With credits as diverse as MTV video jockey, Esquire editor-at-large, comedy actor, memoirist and podcaster, Dave Holmes is a pop culture renaissance man. Holmes first came to prominence in 1998 as the runner-up in the original series of MTV’s Wanna Be a VJ, where an extensive knowledge of music trivia distinguished him from his competitors. Despite losing the competition, Holmes was subsequently hired to host a string of MTV shows, including Video Clichés, 120 Minutes, a reunion special of Real World and the popular Say What? Karaoke. Holmes parted ways with the network in 2002, the same year in which he publicly came out as gay in Out magazine.

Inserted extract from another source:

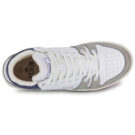 The Mercer Brand THE BROOKLYN HIGH Bianco Sneakers alte Donna - 6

Holmes spent 10 seasons as the host of FX’s weekly movie night DVD on TV and in 2005 hosted the CBS reality comedy series Fire Me Please. 2007 saw Holmes co-host coverage of the Live Earth concerts on Bravo with actress and writer Karen Duffy. He has appeared on multiple talking-head shows on networks including E! and VH1 and had a recurring role as Leslie Frost on the hit Comedy Central series Reno 911! In 2010, Holmes contributed a video to the It Gets Better project, fronted by prominent gay rights activist Dan Savage.
Since 2015, Holmes has been an editor-at-large for Esquire magazine and in 2016 published Party of One: A Memoir in 21 Songs with Penguin Random House. The book was selected as one of NPR’s Great Reads of 2016 and a Goodreads Choice Award nominee, as well as garnering praise from top comedians Margaret Cho and Andy Cohen and numerous major publications including the Washington Post. Holmes is the long-running co-host of both the LGBTQ-themed podcast Homophilia on Earwolf and the live comedy game show The Friday Forty, alongside The Walking Dead executive producer Scott M. Gimple.